[Stored items from a collection]
- - -

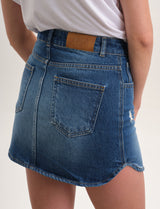Premium %100 Cotton Mini Skirt - Dark Blue
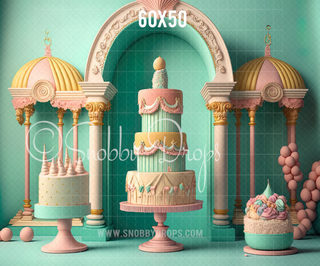 Pastel Cake Arch Fabric Backdrop-Fabric Photography Backdrop-Snobby Drops Fabric Backdrops for Photography, Exclusive Designs by Tara Mapes Photography, Enchanted Eye Creations by Tara Mapes, photography backgrounds, photography backdrops, fast shipping, US backdrops, cheap photography backdrops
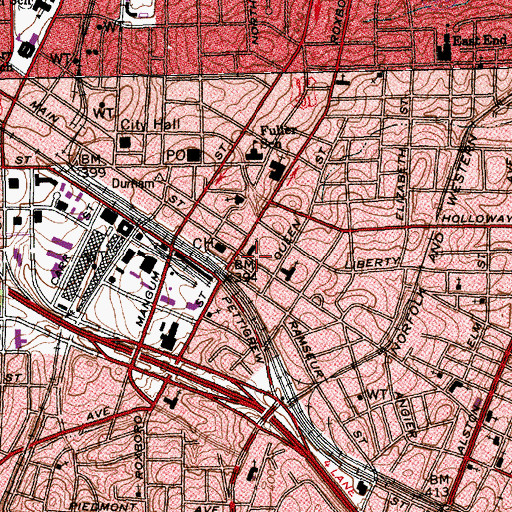 Topographic Map of First Presbyterian Church, NC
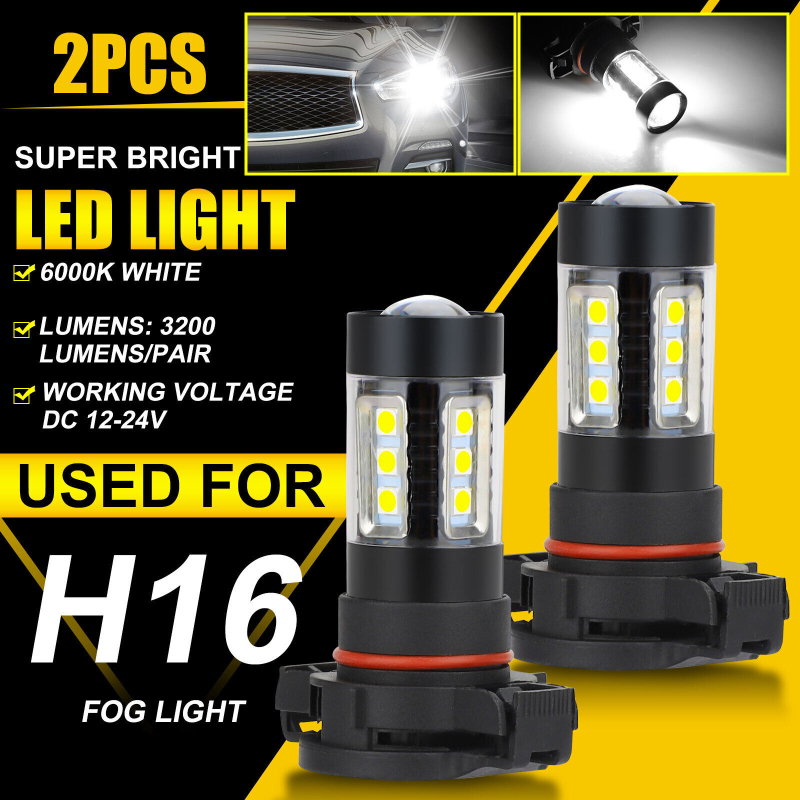 2pcs 5202 H16 Led Fog Light Bulb Waterproof 6000k-7500k Compatible For Chevrolet Silverado 1500 2007-2015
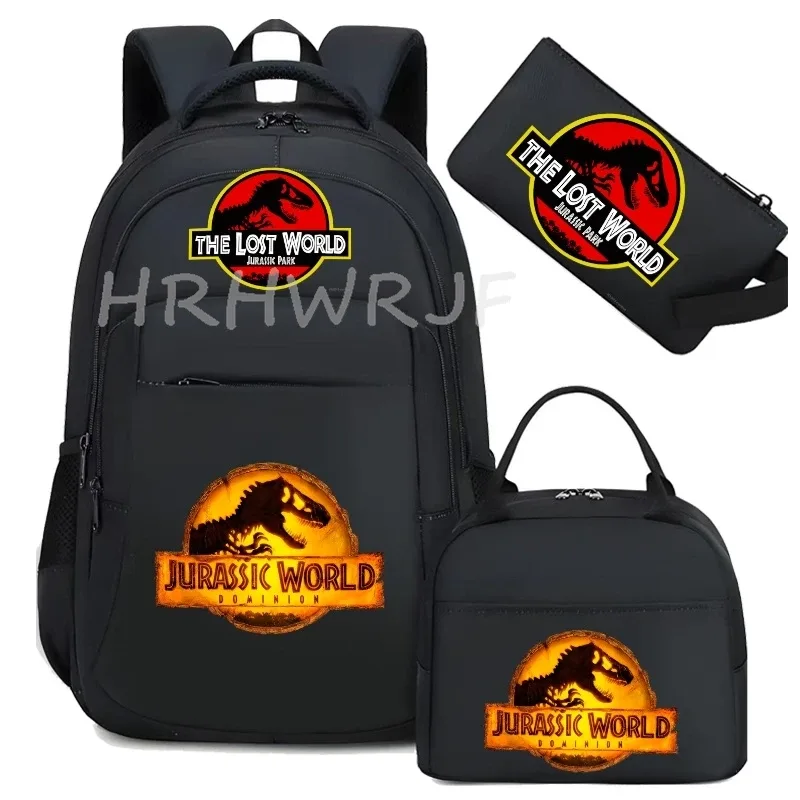 sac à dos jurassic world park, sac à dos de voyage camouflage dinosaure avec sacs à lunch, sacs d'école pour ordinateur portable pour femmes et hommes, 3 pièces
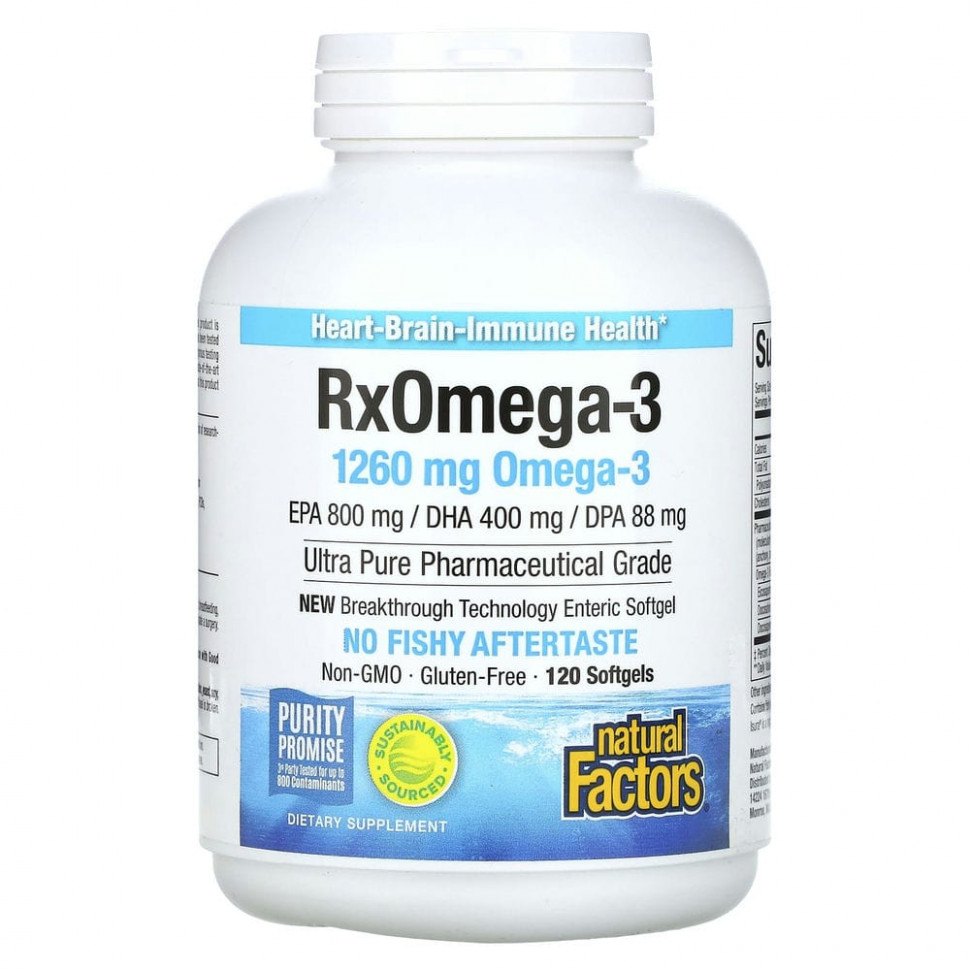   Natural Factors, Rx Omega-3, 120   Enteripure    -     -,    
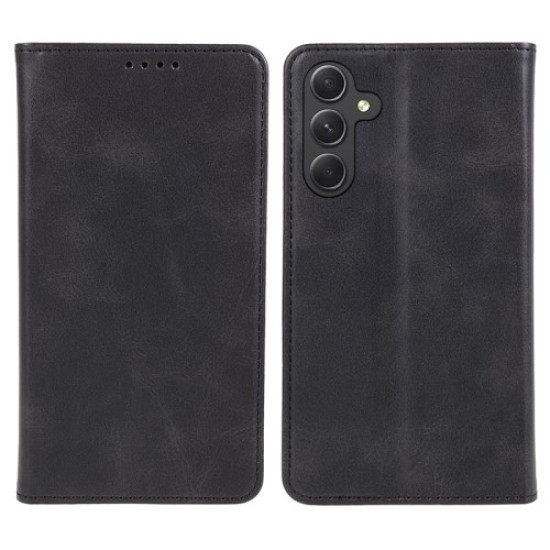 For Samsung Galaxy S24+ PU Leather Case Business Style Magnetic Cell Phone Cover - Black Samsung Cases Mobile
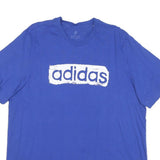 ADIDAS Mens Blue XL Graphic T-Shirt Short Sleeve Crew Neck Cotton Blend Casual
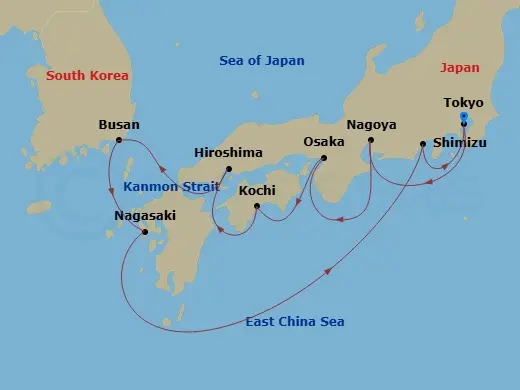 Itinerary schematic diagram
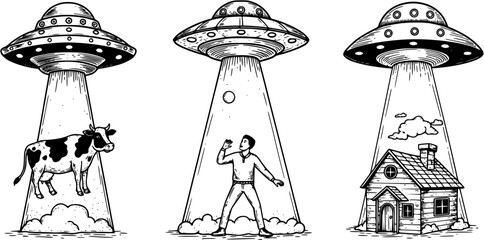 Alien abductions illustrations flying saucers capturing a cow, human, and house in vintage sci-fi style. Perfect for prints, stickers, t-shirts designs. Vector illustration.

- - -

> _Exercise_: Leave out any pictures, please, and quote only the lines from the top of the data through the line that contains "Itinerary schematic diagram".

> _Task solution_:
Premium %100 Cotton Mini Skirt - Dark Blue
 Pastel Cake Arch Fabric Backdrop-Fabric Photography Backdrop-Snobby Drops Fabric Backdrops for Photography, Exclusive Designs by Tara Mapes Photography, Enchanted Eye Creations by Tara Mapes, photography backgrounds, photography backdrops, fast shipping, US backdrops, cheap photography backdrops
 Topographic Map of First Presbyterian Church, NC
 2pcs 5202 H16 Led Fog Light Bulb Waterproof 6000k-7500k Compatible For Chevrolet Silverado 1500 2007-2015
 sac à dos jurassic world park, sac à dos de voyage camouflage dinosaure avec sacs à lunch, sacs d'école pour ordinateur portable pour femmes et hommes, 3 pièces
   Natural Factors, Rx Omega-3, 120   Enteripure    -     -,    
 For Samsung Galaxy S24+ PU Leather Case Business Style Magnetic Cell Phone Cover - Black Samsung Cases Mobile
 ADIDAS Mens Blue XL Graphic T-Shirt Short Sleeve Crew Neck Cotton Blend Casual
 Itinerary schematic diagram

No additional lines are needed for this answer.